YVR Provides International Stage for First Nations Artists

Today, Vancouver Airport Authority and YVR Art Foundation unveiled the winning designs of the inaugural street banner contest celebrating First Nations art in British Columbia. The new designs will hang on banners along Grant McConachie Way, Vancouver International Airport’s (YVR) departures and arrivals ramps and throughout the airport’s parkade. The winning artists, Valerie Malesku, from Queen Charlotte City and Michelle Stoney, from Hazelton, along with their art designs were recognized at a banner unveiling ceremony at YVR.

“Vancouver Airport Authority and YVR Art Foundation continue to work together to champion First Nations art and we are delighted that the work of these two tremendous artists will be shared with the thousands of passengers that arrive and depart from YVR each day,” said Anne Murray, Vice President, Community and Environmental Affairs at Vancouver Airport Authority and Chair of the Board of Directors for YVR Art Foundation. “The Airport Authority and YVR Art Foundation’s quest to capture our province’s unique sense of place and cultural heritage was reflected in this contest.”

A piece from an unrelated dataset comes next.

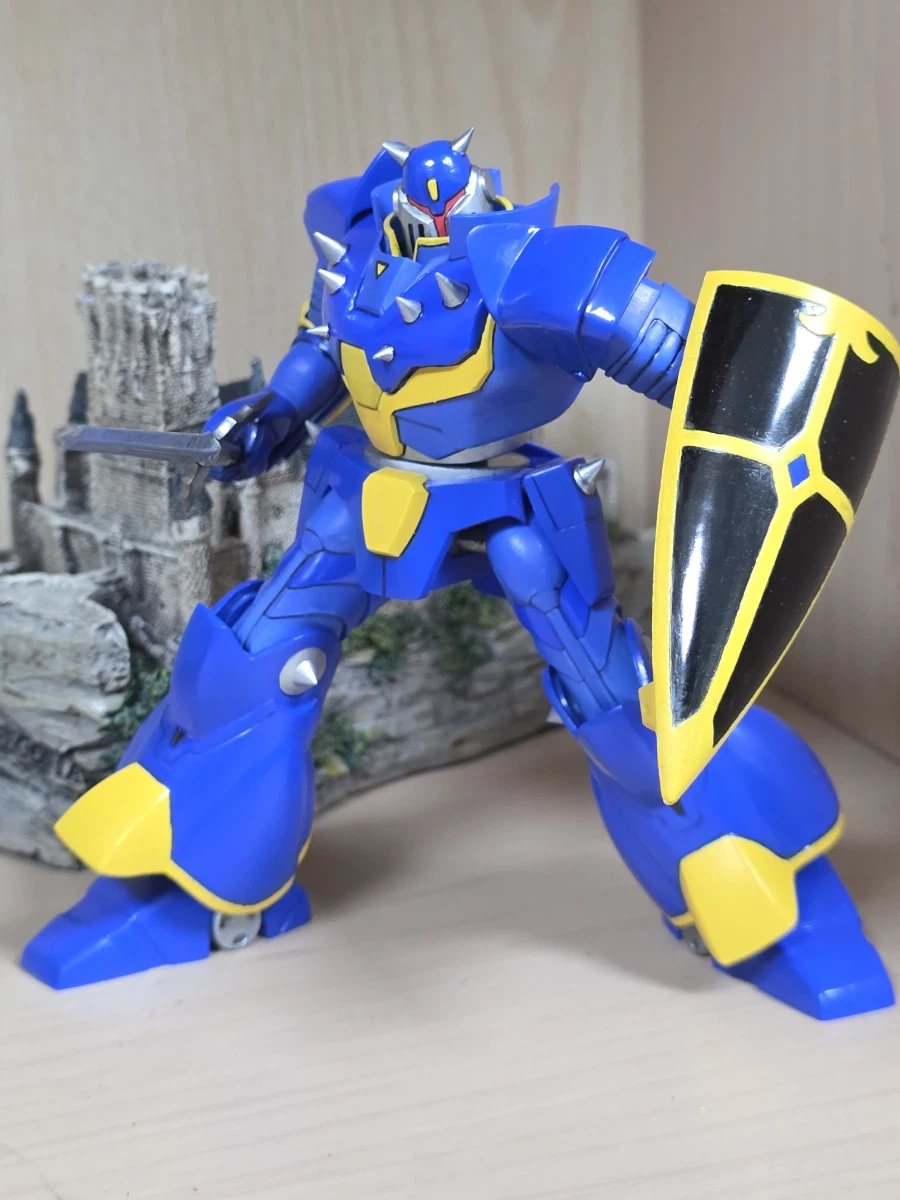 [도색 완성] 1/100 쥬웰 (타카라 구판)_13.webp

For many visitors, YVR provides the first and last impression of British Columbia. Millions of passengers travelling through YVR each year will enjoy these outstanding tributes to BC First Nations art and aviation.

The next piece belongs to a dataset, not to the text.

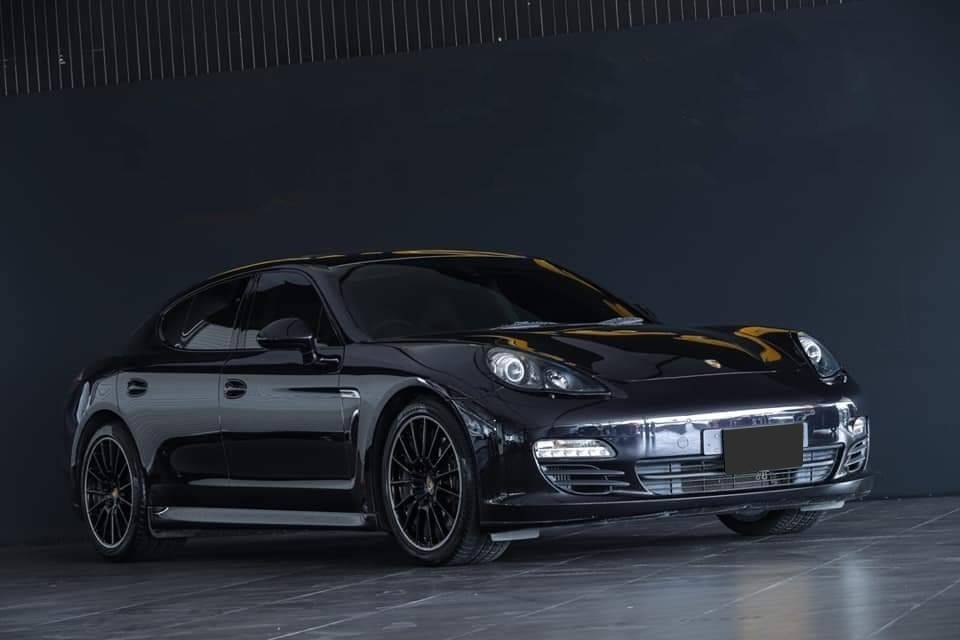 Panamera Diesel ปี 2013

Valerie Malesku is of Cree ancestry and has lived in Haida Gwaii for the past 40 years. Her art is inspired by many legendary Northwest coast artists including Captain Gold, Robert and Reg Davidson and Bill Reid. Valerie works with many traditional styles of art including carving, button blankets and jewellery. Her banner design incorporates land, sea and sky along with eagles in flight. Valerie’s work can be found in galleries throughout B.C. and has been displayed internationally as far away as New York.

Michelle Stoney became interested in art through her grandfather who is a master carver. Michelle, who is of Gitxsan ancestry, was first recognized by YVR Art Foundation for her artistic ability in 2009 as the recipient of a YVR Art Foundation scholarship. She pursued art full-time at Emily Carr University of Art and Design. During her time there she learned how to meld contemporary art and new techniques with the traditional First Nations art she learnt from her grandfather. Michelle based her banner design on the ‘weget’ (a raven), a favourite character that can transform into anything. In Michelle’s winning design, the weget is mid-transformation into a plane.

Vancouver Airport Authority and YVR Art Foundation strive to foster the development of First Nations art in British Columbia. The street banner contest was designed to recognize the talent of First Nations artists in B.C. and to reflect B.C.’s distinctive cultural heritage, its spectacular natural beauty and capture the theme of flight. The contest was open to First Nations artists who are B.C. residents and 17 years or older. Valerie and Michelle’s artwork will be featured on 36 banners which will hang along Grant McConachie Way, YVR’s departures and arrivals ramps and throughout airport’s parkade.